Restate word for word the line containing "131 Spencer Street — Clyde" and all remaining lines of the entries below.

[Extracted data entries]
***

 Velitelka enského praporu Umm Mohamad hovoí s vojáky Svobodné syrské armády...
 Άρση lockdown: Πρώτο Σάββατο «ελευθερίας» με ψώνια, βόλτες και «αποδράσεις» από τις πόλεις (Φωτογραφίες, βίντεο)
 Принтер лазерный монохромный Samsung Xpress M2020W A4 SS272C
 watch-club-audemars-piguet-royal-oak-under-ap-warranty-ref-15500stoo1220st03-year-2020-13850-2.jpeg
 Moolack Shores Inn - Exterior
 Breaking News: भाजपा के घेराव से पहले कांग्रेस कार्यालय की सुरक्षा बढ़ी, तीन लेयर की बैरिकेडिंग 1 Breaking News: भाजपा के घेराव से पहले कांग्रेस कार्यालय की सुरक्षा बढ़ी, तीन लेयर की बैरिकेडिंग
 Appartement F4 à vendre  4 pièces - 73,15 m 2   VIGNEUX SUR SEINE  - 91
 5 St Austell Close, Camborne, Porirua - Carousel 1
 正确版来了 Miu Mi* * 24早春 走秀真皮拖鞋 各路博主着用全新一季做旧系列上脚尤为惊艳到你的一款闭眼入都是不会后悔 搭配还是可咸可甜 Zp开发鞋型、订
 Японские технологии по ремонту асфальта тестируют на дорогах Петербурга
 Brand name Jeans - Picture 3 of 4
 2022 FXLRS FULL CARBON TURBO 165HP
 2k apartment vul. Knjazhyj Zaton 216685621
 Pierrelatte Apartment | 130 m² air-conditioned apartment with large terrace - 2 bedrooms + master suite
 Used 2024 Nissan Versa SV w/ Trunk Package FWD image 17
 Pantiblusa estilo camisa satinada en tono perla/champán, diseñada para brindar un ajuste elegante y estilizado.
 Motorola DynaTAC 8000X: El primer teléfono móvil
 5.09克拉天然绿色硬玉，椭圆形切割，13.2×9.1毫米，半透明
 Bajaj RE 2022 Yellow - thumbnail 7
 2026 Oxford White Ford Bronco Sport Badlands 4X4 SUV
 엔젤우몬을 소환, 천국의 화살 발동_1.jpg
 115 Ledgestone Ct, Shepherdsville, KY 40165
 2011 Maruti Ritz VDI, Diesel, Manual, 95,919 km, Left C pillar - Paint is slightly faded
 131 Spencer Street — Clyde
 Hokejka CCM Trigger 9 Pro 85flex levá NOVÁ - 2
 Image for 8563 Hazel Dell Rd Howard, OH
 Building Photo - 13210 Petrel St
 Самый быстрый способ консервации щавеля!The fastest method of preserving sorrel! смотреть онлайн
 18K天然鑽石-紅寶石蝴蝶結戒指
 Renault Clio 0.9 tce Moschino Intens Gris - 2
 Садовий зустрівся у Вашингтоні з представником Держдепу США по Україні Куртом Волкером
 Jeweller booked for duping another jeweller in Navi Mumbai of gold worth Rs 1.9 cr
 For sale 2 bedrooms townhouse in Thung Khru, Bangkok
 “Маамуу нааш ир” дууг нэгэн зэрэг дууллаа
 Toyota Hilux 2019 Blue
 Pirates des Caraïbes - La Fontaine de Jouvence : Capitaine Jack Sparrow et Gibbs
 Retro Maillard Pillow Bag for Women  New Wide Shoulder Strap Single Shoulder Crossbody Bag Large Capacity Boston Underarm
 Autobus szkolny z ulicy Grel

***

| Solution to the exercise |
 131 Spencer Street — Clyde
 Hokejka CCM Trigger 9 Pro 85flex levá NOVÁ - 2
 Image for 8563 Hazel Dell Rd Howard, OH
 Building Photo - 13210 Petrel St
 Самый быстрый способ консервации щавеля!The fastest method of preserving sorrel! смотреть онлайн
 18K天然鑽石-紅寶石蝴蝶結戒指
 Renault Clio 0.9 tce Moschino Intens Gris - 2
 Садовий зустрівся у Вашингтоні з представником Держдепу США по Україні Куртом Волкером
 Jeweller booked for duping another jeweller in Navi Mumbai of gold worth Rs 1.9 cr
 For sale 2 bedrooms townhouse in Thung Khru, Bangkok
 “Маамуу нааш ир” дууг нэгэн зэрэг дууллаа
 Toyota Hilux 2019 Blue
 Pirates des Caraïbes - La Fontaine de Jouvence : Capitaine Jack Sparrow et Gibbs
 Retro Maillard Pillow Bag for Women  New Wide Shoulder Strap Single Shoulder Crossbody Bag Large Capacity Boston Underarm
 Autobus szkolny z ulicy Grel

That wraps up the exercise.